Dr. James Baraniuk is an established researcher in the field of Gulf War Illness and ME/CFS. He has published many important papers showing that the brains of people with ME/CFS respond differently to exercise than those of people with GWI or healthy controls. His new work examines the default mode network (DMN) and the midbrain. The DMN is the part of the brain that is active when we are not thinking of anything when we are daydreaming. The midbrain is part of the arousal fight/flight network.
Baraniuk compared the activity of the DMN and the midbrain both in the resting state (pre-exercise) and after exercise in groups with GWI, ME/CFS and healthy controls. Before exercise, the DMN is less active in the ME/CFS group than healthy controls and less connected with other brain areas. The DMN activity increases with activity in the ME/CFS group but decreases in the healthy controls. If the DMN is active, it is harder to engage in focused thought so this activation after exercise may be related to the brain fog associated with PEM.
Before exercise, the midbrain activity of the ME/CFS group is decreased compared with the GWI and healthy control groups. This may be connected with decrease brain blood flow to the midbrain in ME/CFS. After exercise, the midbrain activity in ME/CFS group increases and is equal to the healthy controls. This increase could be associated with the lasting increased adrenaline (wired by tired) that people with ME/CFS experience after exercise.

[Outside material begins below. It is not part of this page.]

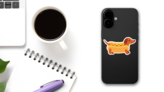 Funny Dachshund Hot Dog Sticker on a Phone (New) example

Dr. Gudrun Lange is a neuropsychologist and researcher who works with Dr. Benjamin Natelson at the Pain & Fatigue Study Center in New York. She has published many important studies on cognitive function in ME/CFS. She presented data from the Multi-site Clinical Assessment of ME/CFS study funded by the Centers for Disease Control in the United States. The data from objective measures of cognitive function in the Multi-site study replicates previous research showing patients with ME/CFS have slower cognitive processing and processing speed worsens further after exercise. Dr. Lange's research adds to the evidence that exercise is bad for ME/CFS. It worsens symptoms including cognitive function. Working memory is impaired, more so when the patients are under a time pressure. This is what we find in our ETeam cognitive screening assessments using the CNS Vital Signs online battery. The test runs at a pace that is too fast for most people with ME/CFS. They start making errors of omission because they can’t make decisions fast enough. On occasion, we have asked patients to repeat the cognitive battery before and after chemical exposure and have been able to document changes.
Author: Eleanor (Ellie) Stein MD FRCP(C)
I am a psychiatrist with a small private practice in Calgary and am an assistant clinical professor in the faculty of medicine at the University of Calgary. Since 2000, I have worked with over 1000 patients, all with ME/CFS, FM and ES. My passion for this field comes from my own struggle with these diseases, my desire to improve my health and then pass on what I learn. My goal is for every patient in Canada to have access to respectful, effective health care within the publicly funded system.